## EXERCISE AIM
Set out exactly every line of the entries below, starting at the line that holds "Jaanuu Scrubs Women's" and stopping after the line that holds "Omlet rulo. Dilimlenmiş".

## DATA FOR THIS EXERCISE

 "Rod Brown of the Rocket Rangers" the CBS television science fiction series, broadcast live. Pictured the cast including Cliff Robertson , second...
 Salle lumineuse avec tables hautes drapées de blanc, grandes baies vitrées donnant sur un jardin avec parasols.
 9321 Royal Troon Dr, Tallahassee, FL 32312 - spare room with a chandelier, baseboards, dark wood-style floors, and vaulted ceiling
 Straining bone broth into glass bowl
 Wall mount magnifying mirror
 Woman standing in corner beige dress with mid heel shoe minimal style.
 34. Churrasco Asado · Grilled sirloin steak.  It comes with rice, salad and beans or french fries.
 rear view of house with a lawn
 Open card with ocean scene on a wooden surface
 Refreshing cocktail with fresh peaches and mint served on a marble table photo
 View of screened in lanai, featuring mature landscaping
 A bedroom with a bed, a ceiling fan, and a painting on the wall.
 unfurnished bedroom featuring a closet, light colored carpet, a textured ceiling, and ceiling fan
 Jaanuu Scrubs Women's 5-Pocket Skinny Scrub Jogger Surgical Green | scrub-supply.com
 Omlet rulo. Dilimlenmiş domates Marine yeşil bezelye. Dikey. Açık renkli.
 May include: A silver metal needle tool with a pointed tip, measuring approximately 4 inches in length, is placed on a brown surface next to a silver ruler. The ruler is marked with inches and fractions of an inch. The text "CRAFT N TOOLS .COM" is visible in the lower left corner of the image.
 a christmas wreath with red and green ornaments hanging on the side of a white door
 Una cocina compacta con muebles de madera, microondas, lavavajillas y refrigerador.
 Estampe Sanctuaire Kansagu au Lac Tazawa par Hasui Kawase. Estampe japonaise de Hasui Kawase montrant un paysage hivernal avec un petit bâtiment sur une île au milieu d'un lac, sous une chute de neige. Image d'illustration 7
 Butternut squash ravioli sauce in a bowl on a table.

## SOLUTION TO THE PROBLEM
 Jaanuu Scrubs Women's 5-Pocket Skinny Scrub Jogger Surgical Green | scrub-supply.com
 Omlet rulo. Dilimlenmiş domates Marine yeşil bezelye. Dikey. Açık renkli.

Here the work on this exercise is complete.